According to the Iranian state-run Islamic Republic News Agency (IRNA), Raisi also said Trump “has to be convicted; otherwise the hand of revenge will come out of the sleeve of the nation.”

Ahead of Raisi’s remarks, IRNA reported Iran’s United Nations Ambassador Takht Ravanchi sent a letter to President of the U.N. Security Council Mona Juul, calling for the U.S. Security Council to hold the U.S. and Israel responsible for the strike on Soleimani.

Soleimani was killed in a drone strike while he traveled from the Baghdad International Airport in Iraq. He was killed alongside Abu Mahdi al-Muhandis and Mohammed Reda, who were leaders in the Iran-backed Popular Mobilization Forces (PMF) Iraqi militia.

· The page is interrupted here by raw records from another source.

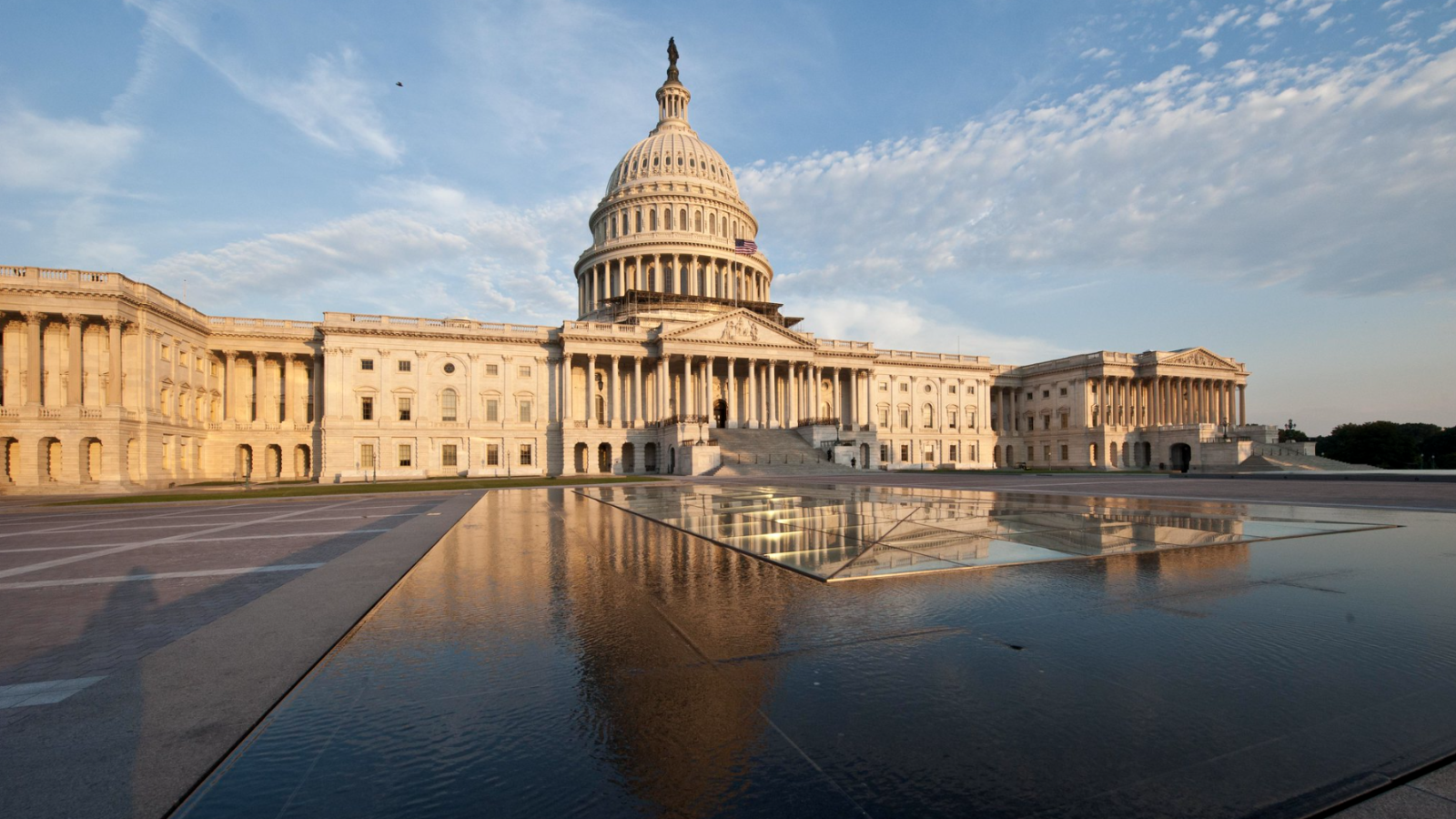 Breaking: Major Stablecoin Bill Achieves Bipartisan Breakthrough
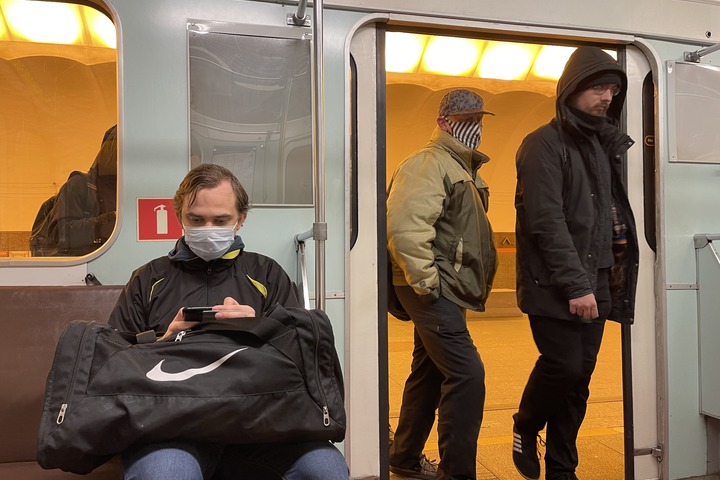 Стало известно, сколько человек соблюдают масочный режим в Санкт-Петербурге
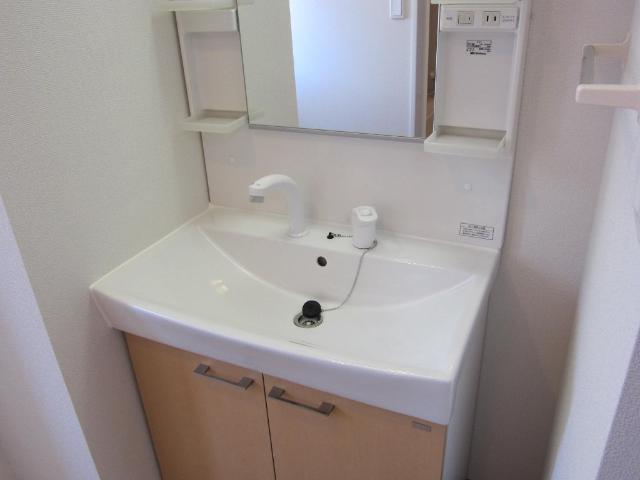 洗面設備　洗髪洗面化粧台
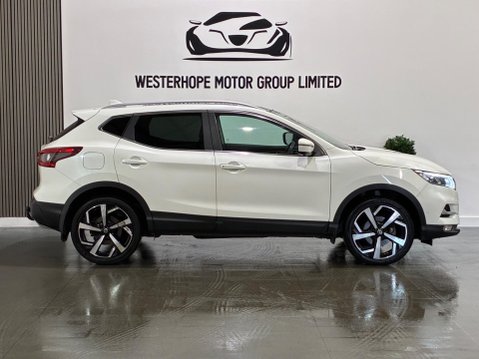 Nissan Qashqai 1.5 dCi Tekna Euro 6 (s/s) 5dr 24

PMF forces had, in the days leading up to the U.S. strike, carried out a deadly rocket attack that killed a U.S. contractor and wounded U.S. service members in Iraq. Supporters of PMF also staged a riotous attack on the U.S. Embassy in Baghdad, after U.S. forces launched strikes in retaliation for the deadly rocket attack.

At the time of the strike, the Pentagon assessed Soleimani was in Iraq in support of further planned attacks on the U.S. Embassy in Baghdad and Americans in the country. At the time, the Pentagon said, “General Soleimani was actively developing plans to attack American diplomats and service members in Iraq and throughout the region.”

Soleimani had been supportive of Iranian-proxy attacks on U.S. forces throughout the region. Following his death, U.S. Army Gen. David Petreaus said Soleimani had shipped weapons and explosives to terrorist groups throughout the Middle East, which were used to kill an estimated 600 U.S. service members over the years.

In the days after the strike on Soleimani, the U.S. told the U.N. that the strike was done in self-defense. Then-U.S.Attorney General Bill Barr also said Trump had clear authority to order the strike and that Soleimani was a “legitimate military target.”